• WHAT IS EXPECTED
Pictures are to be left out, and only the lines below starting at the one with "English 1860s Black" and ending at the one with "A Magyar Szó" are to be reproduced, each exactly, both ends included.

═══ EXERCISE DATA

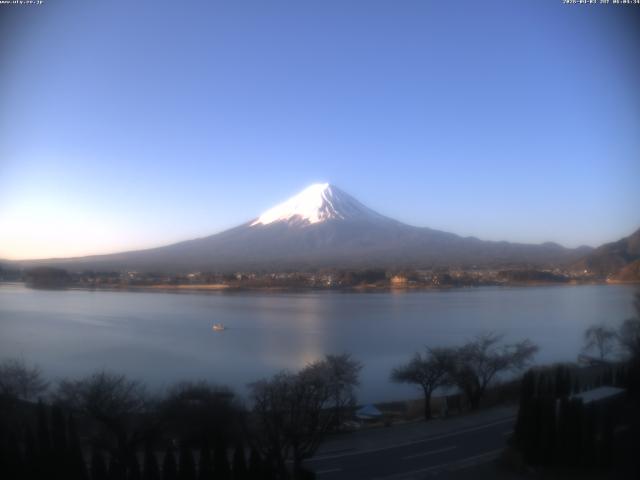 河口湖からの富士山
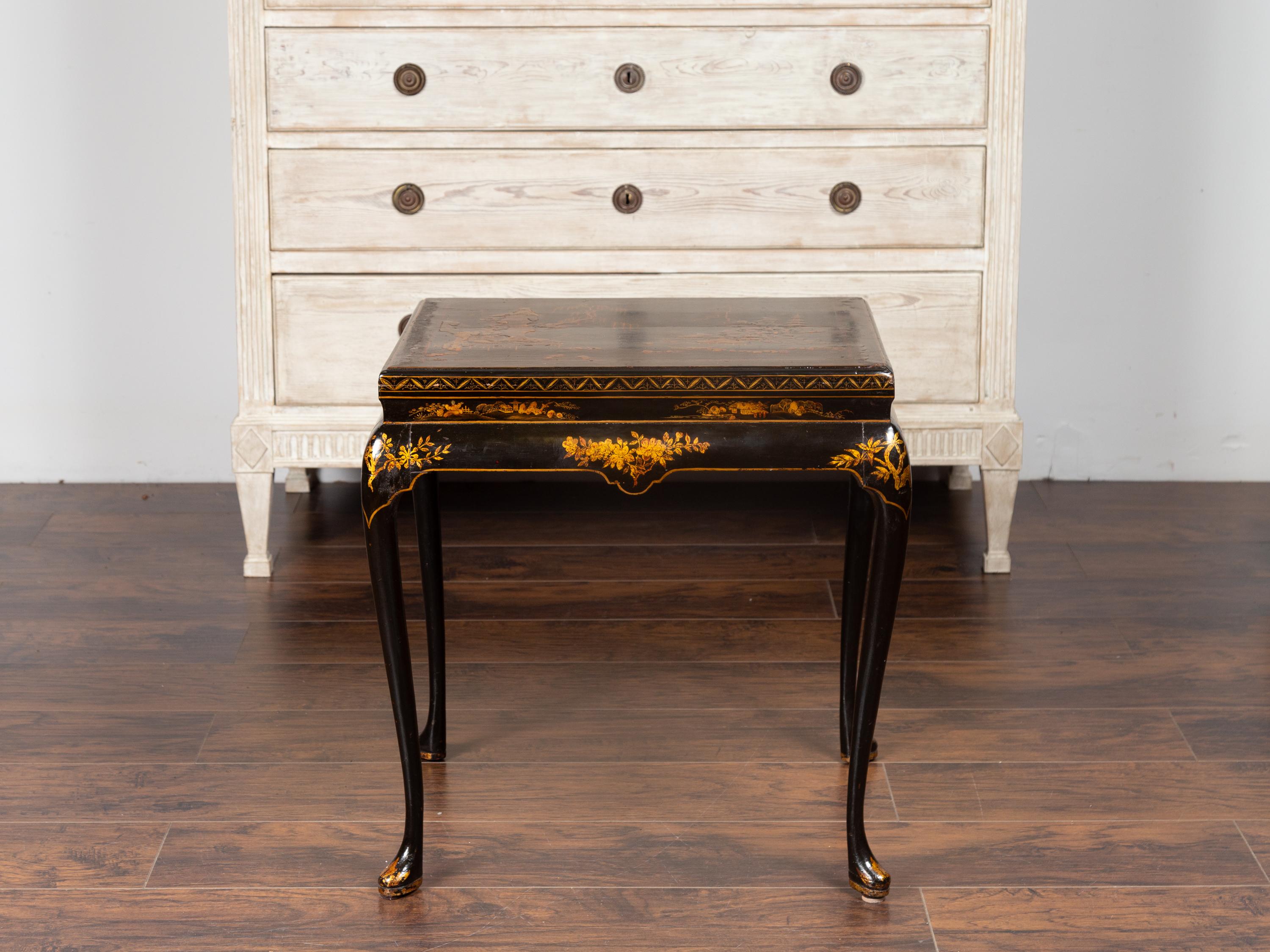 English 1860s Black Lacquered Side Table with Gilded Chinoiserie Décor 9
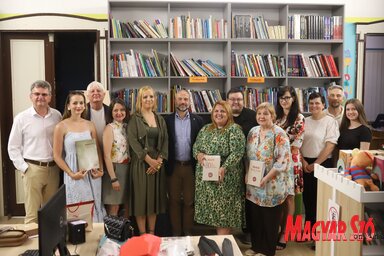 A Magyar Szó topolyai élőújságján részt vevő újságírók és Erdődi Edvina igazgatónő, Szatmári Adrián községi elnök és Bednárik Prokec Zita, a házigazda könyvtár igazgatónője (Lakatos János)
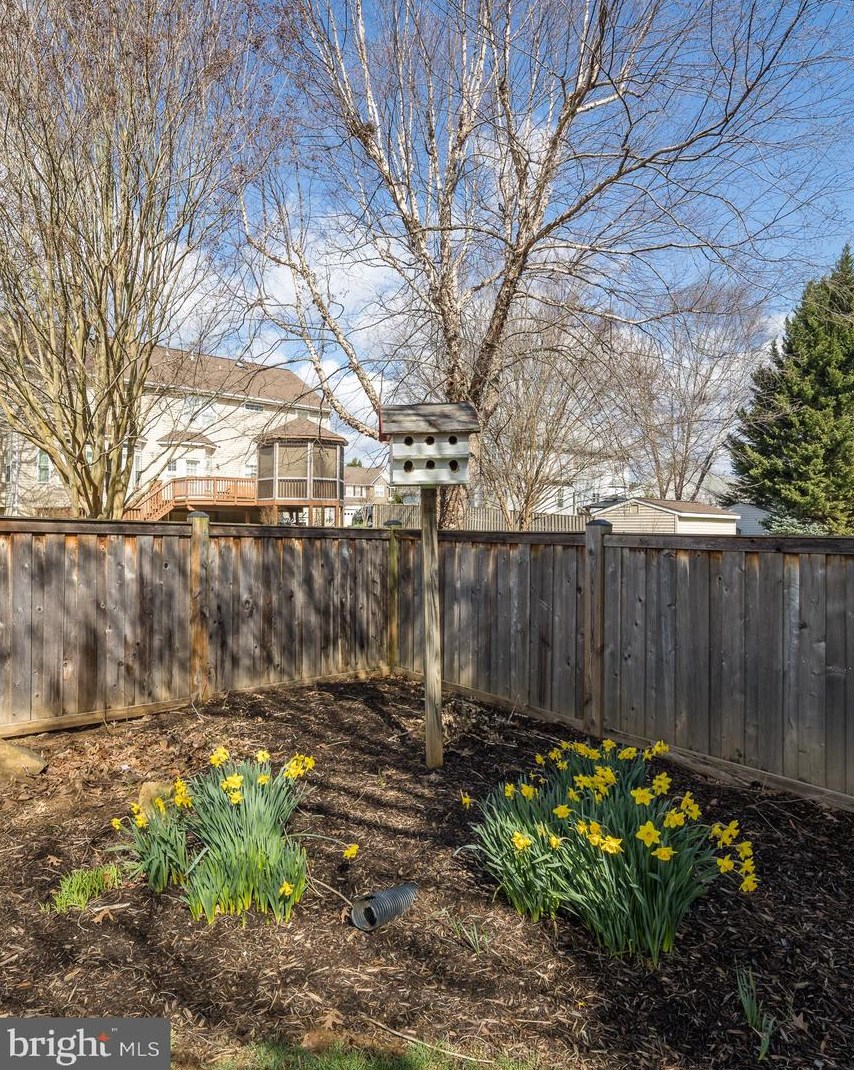 290 Gay Rd, Warrenton VA  20186-2310 exterior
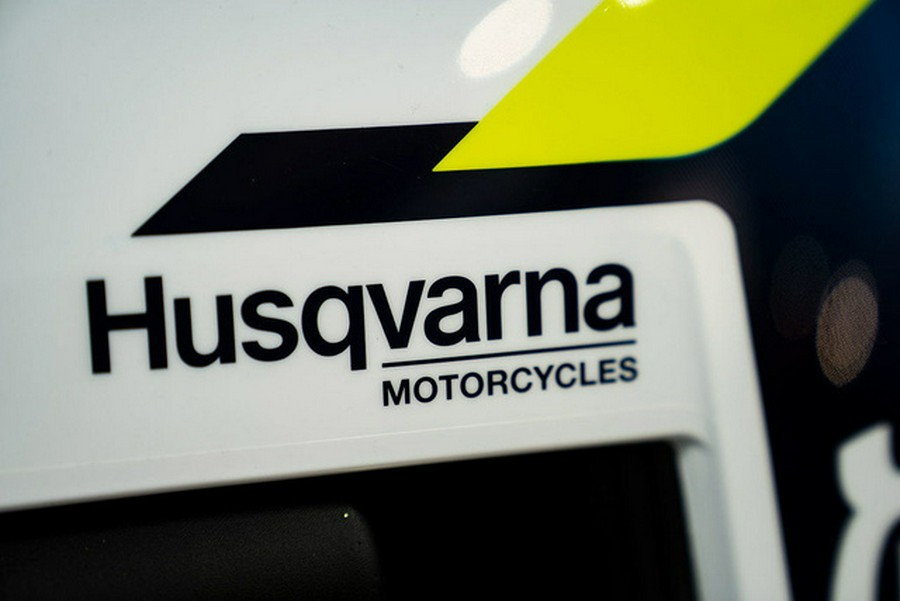 2025 Husqvarna TC 300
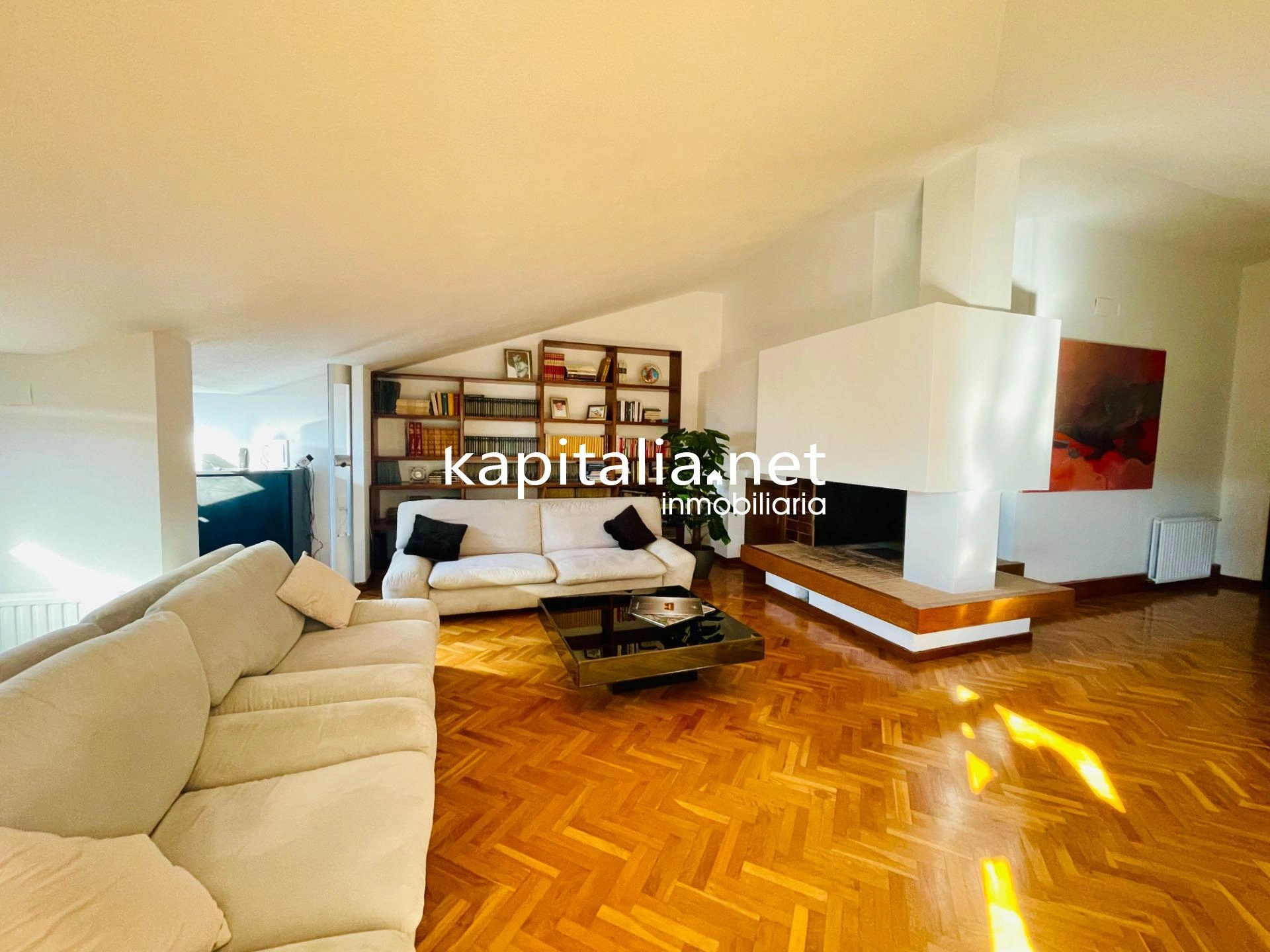 Ático duplex con chimenea y vistas panorámicas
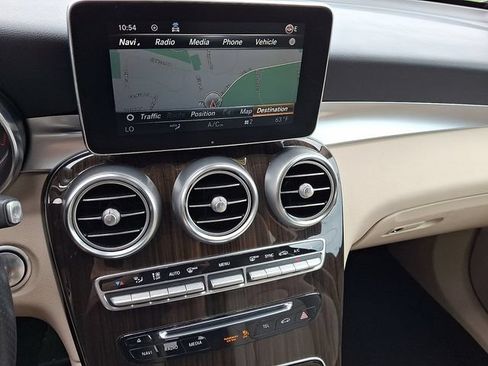 Used 2019 Mercedes-Benz GLC 300 4MATIC image 15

══════

• RESPONSE AREA
 English 1860s Black Lacquered Side Table with Gilded Chinoiserie Décor 9
 A Magyar Szó topolyai élőújságján részt vevő újságírók és Erdődi Edvina igazgatónő, Szatmári Adrián községi elnök és Bednárik Prokec Zita, a házigazda könyvtár igazgatónője (Lakatos János)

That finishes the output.